Spurred by the impending expiration of a federal tax credit that could be worth $780 million, Cape Wind, the long-sought giant wind farm off the Massachusetts coast, is apparently now under construction. It’s the first major offshore wind farm to begin construction in the United States, but its long-term fate hardly seems a done deal.
No announcement was made by developer Cape Wind Associates, but Siemens told Bloomberg that “there are some foundations being built and developments being done” – enough, Siemens said, to qualify the $2.6 billion project for the investment tax credit for renewable energy. Cape Wind Associates more or less confirmed that, telling Bloomberg, “We are pursuing the ITC and are hopeful we will qualify.”

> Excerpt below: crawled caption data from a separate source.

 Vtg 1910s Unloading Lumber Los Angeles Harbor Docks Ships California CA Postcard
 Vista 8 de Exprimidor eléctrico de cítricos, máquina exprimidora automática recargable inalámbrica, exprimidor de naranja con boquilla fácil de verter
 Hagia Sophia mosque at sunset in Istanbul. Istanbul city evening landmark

Under current law, the ITC expires at the end of this year, and to qualify a project must be under construction before the clock strikes twelve. The ITC is worth up to 30 percent of a project’s cost, and developers can opt for it in lieu of the production tax credit, which currently pays 2.3 cents per kilowatt-hour for energy generated (and will also expire at the end of the year, under the same terms).
Cape Wind, which seemed to pass all its regulatory hurdles more than a year ago, has had to struggle on multiple fronts to turn the vision of a 130-turbine, 400-plus-megawatt project into reality, waging public relations and legal battles against opponents who have cited environmental, air traffic, cultural and economic concerns.

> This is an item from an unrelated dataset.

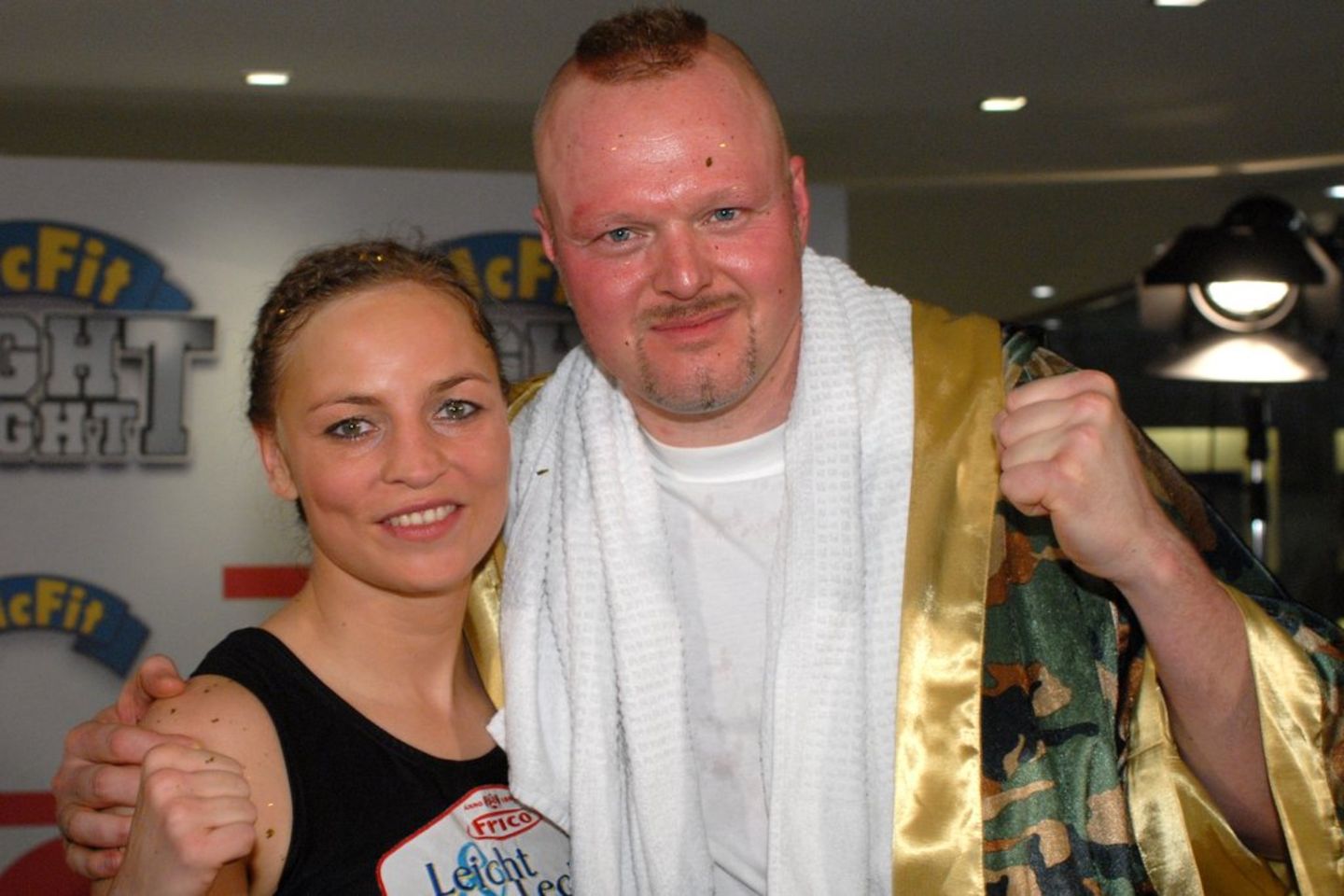 Regina Halmich und Stefan Raab nach der "Fight Night" 2007.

The developers are still facing lawsuits – one foe told Bloomberg, “We haven’t even started to see what’s going to happen with the federal legal challenges” – but the bigger issue in the past year has been financing. The Danish pension fund PensionDanmark has committed $200 million toward the project, but it’s conditional on Cape Wind bringing in more money, which it needs to do by the end of this year.
The U.S. Department of Energy could come to the rescue in a big way, however – it’s been sitting for months on a proposal to give the project a loan guarantee. The company is reportedly seeking a guarantee worth $350 million.